Hey Pilatapus operators...

Boris Badenov

Fortis Leader
We have a recurring, absolutely maddening problem, wondering if you've seen the same and what you might have discovered.

It's a late(ish) model /45. When cold soaked (under ~40 degrees), the ECS in "auto" almost always overtemps (we think it's the overtemp protection, anyway...the air gets way hot, even with the controller in the full "cold" position), then *ding*, ECS shuts down. Depending on how long the pilot takes to get to the runway, it'll generally happen either right before or right after takeoff. Doesn't happen at higher temperatures at all. Our mechanic, bless his heart (and he is excellent...don't think this is incompetence on his part) has changed every part of the system at least twice. Up to and including the cabin temp sensor which is apparently an unholy female dog to get to. It usually resets fine, although there have been a few incidents of it failing a second time. Any ideas?

Thanks.
 
Does the ECS only shutdown for Temp or will it shutdown for overpressure (think beechjet).
 
Maybe it needs a warm up. Can you set it to moderate temperatures for a few minutes? I can't remember how the system worked but I think having it go full blast right off the bat would cause the CAWS ding boom.
 
Don't know anything about your aircraft, but I do know a thing or two about air cycle systems and the like... Definitely a problem with the system trying to go too warm too early.
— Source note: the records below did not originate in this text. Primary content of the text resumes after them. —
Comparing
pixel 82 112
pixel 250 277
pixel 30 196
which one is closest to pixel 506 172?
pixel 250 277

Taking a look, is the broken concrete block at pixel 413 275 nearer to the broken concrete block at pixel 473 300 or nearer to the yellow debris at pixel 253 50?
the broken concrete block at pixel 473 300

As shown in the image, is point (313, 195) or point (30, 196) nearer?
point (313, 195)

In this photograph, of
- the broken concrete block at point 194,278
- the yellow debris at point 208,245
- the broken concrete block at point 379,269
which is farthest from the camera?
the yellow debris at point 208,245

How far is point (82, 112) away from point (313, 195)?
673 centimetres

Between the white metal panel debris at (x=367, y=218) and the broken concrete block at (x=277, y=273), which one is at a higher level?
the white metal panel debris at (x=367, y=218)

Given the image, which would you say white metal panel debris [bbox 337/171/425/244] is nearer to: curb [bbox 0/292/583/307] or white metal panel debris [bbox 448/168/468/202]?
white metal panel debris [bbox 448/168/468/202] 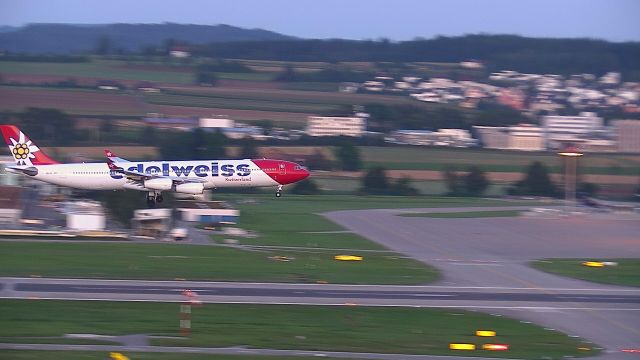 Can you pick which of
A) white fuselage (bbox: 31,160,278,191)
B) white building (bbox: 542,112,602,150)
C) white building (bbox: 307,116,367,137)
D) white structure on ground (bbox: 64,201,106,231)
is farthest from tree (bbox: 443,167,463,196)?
white structure on ground (bbox: 64,201,106,231)

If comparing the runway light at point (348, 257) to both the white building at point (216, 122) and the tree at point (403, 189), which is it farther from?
the white building at point (216, 122)

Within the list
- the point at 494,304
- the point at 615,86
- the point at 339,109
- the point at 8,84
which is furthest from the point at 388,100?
the point at 494,304

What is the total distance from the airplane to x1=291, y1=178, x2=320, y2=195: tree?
1423 cm

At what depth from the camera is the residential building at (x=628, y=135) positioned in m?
84.0

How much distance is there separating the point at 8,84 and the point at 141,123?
17.8 m

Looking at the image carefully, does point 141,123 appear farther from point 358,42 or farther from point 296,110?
point 358,42

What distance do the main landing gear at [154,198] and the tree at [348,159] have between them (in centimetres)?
2741

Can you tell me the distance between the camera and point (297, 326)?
22.3 m

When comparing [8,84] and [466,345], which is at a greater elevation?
[8,84]

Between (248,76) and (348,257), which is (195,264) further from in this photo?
(248,76)

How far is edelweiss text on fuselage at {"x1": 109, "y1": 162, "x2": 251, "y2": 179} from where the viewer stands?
50156mm

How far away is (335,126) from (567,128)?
26317 millimetres

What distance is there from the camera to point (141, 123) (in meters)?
82.4

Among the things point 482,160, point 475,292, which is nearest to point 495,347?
point 475,292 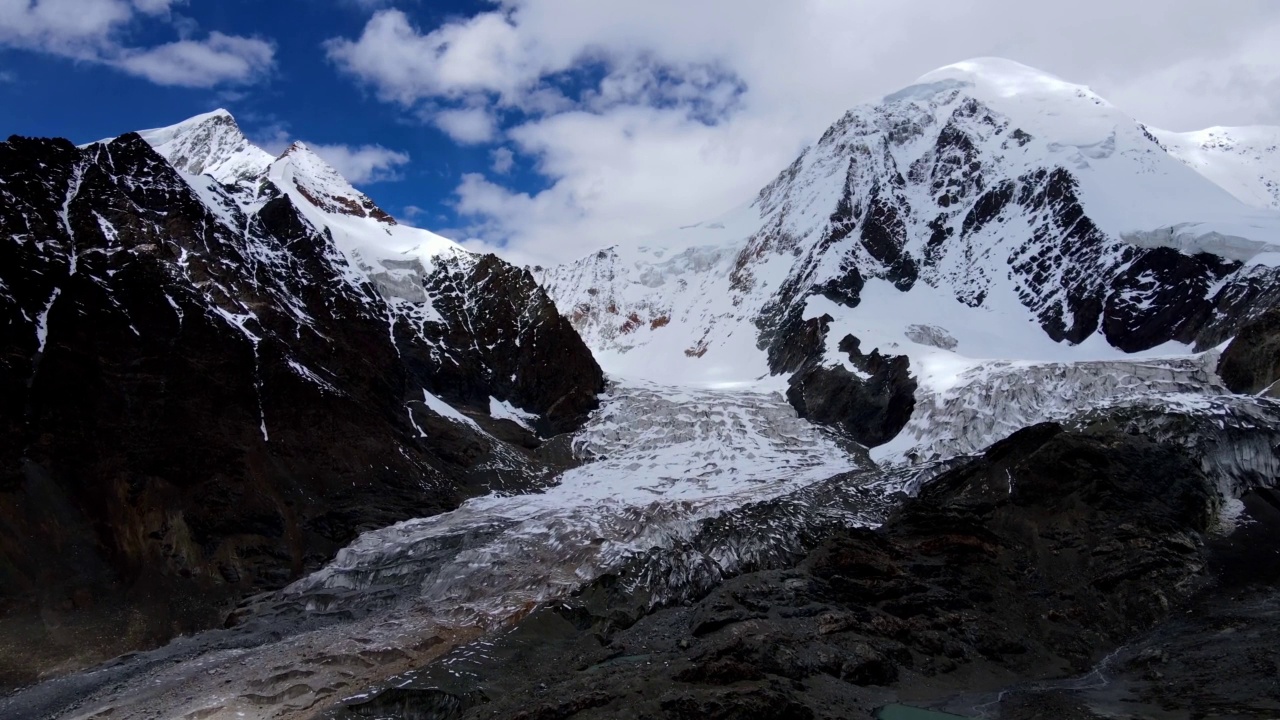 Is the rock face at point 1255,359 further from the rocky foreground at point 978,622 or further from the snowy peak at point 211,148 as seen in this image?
the snowy peak at point 211,148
Have had some of my trainees on the 707 pack think that they need to put the temp to warm or hot in order to heat up the cabin during cold days, leading to smoke in the cabin from nearly melting the distribution ducting. When you're talking cold days, "cold" on the system is still hot.
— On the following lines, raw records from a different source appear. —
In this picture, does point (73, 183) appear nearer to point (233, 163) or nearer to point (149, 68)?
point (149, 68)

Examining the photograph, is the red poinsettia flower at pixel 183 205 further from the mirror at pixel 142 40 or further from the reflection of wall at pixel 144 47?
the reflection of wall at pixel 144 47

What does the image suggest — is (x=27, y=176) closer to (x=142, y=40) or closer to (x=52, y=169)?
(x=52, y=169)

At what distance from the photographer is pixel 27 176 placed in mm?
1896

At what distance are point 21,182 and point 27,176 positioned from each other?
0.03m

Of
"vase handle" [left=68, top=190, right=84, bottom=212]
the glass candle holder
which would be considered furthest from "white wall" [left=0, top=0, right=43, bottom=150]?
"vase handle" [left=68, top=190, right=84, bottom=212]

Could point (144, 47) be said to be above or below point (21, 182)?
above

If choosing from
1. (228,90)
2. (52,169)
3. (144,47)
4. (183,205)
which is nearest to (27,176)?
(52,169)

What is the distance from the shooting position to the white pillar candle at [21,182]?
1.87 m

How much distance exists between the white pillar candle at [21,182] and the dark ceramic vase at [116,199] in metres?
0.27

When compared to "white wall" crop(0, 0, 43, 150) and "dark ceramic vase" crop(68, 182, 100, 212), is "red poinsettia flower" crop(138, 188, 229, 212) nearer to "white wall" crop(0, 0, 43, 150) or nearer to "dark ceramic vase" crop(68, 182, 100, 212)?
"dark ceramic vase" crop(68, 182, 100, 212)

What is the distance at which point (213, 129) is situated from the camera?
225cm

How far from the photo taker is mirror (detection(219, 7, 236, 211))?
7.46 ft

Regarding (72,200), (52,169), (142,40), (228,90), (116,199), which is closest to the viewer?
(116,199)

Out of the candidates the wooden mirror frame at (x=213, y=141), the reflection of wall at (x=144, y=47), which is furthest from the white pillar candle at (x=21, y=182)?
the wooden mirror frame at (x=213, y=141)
Any way you can set the temperature to a max cold setting until the cabin is to a normal temp?
 
Any way you can set the temperature to a max cold setting until the cabin is to a normal temp?

That's what we've been doing, and it *usually* works. Thing is, our awesome mechanic (no sarcasm) is a bit of a perfectionist, and I think he's going to get an ulcer trying to make it "right". I will say that I've flown a fair number of other /45s and they don't do this, so something is "brokenish". But from our perspective, it's not that big of a deal. I'm afraid he doesn't quite see it that way...
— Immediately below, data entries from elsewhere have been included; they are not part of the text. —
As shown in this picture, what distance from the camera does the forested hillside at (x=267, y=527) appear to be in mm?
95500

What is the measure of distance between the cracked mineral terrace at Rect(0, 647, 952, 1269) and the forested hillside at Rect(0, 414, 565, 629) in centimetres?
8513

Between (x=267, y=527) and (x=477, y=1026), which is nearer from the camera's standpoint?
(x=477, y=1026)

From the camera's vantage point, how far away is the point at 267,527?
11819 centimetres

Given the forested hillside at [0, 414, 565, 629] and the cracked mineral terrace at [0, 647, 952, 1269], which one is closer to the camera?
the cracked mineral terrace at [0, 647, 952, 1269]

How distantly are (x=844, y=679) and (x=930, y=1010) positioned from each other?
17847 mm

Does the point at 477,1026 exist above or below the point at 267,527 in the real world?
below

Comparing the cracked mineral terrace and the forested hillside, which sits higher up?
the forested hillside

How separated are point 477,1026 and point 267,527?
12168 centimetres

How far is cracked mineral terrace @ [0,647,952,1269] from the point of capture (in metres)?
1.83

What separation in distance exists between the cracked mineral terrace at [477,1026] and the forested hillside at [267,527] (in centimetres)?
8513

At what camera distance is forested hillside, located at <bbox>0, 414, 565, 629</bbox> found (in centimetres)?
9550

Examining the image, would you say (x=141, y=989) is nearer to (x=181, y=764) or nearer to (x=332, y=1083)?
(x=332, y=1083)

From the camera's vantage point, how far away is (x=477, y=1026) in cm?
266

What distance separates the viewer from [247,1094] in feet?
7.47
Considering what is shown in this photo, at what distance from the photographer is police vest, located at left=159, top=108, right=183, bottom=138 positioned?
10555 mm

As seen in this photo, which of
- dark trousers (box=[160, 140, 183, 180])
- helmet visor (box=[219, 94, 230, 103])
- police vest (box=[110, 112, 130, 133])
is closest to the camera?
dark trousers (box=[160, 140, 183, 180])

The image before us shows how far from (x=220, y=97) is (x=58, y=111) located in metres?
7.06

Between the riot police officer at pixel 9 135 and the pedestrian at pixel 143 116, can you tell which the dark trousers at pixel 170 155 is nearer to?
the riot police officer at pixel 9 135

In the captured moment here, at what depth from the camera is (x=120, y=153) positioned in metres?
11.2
Dugie: It does have overpressure protection (albeit not with the beechjet's "omfg" blast of what I remember as direct bleed air gushing in to the cabin in "emer"...presumably due to the fact that we're not going to find ourselves at 450 and will have time to get down before the cabin leaks out). But I don't think it's overpressure doing it. The cabin air is scalding within a minute or so of startup, no matter where you have the temp controller.

It's one of those problems that there probably isn't any easy answer to unless someone happens to have had the exact same problem on the same aircraft. Gremlin's been living in this thing since before we had it (~2.5 years ago)...according to our maintainer, there are writeups going back pretty much as long as Omniflight had the aircraft, which I think is roughly 5 years (it's an 8 year old aircraft). *shrug*
 
Did you just use the Mason-Dixon Line as a delineation of north and south?

I believe it's the generally agreed-upon border. And don't you live in Florida? What would YOU know? Might as well live in NEW YORK CITY. *narrowed eyes*

NY-City.jpg
 
Florida? FLORIDA!?

I will cut you


Isn't the more apt description the latitude that makes the northern border of the Texas pan handle?
 
Minor somewhat relevant necropost:

One of our /45 Series 10s has been having its ECS trip off during the takeoff roll. I haven't looked to compare OAT vs Cabin Temp settings, but I have noticed that if I assertively push the PCL through the low deadband when I'm powering up for takeoff, I don't have a problem with it. It only seems to be a problem if I'm a little tardy getting through that initial deadband. What I've been doing if it does trip off and I get an ECS light during the roll is simply continue the takeoff, then cycle the system off then back to Auto, and the problem is resolved. Not sure if its the same issue as you're seeing, but we try to have the airplane on the runway around 5 minutes after startup.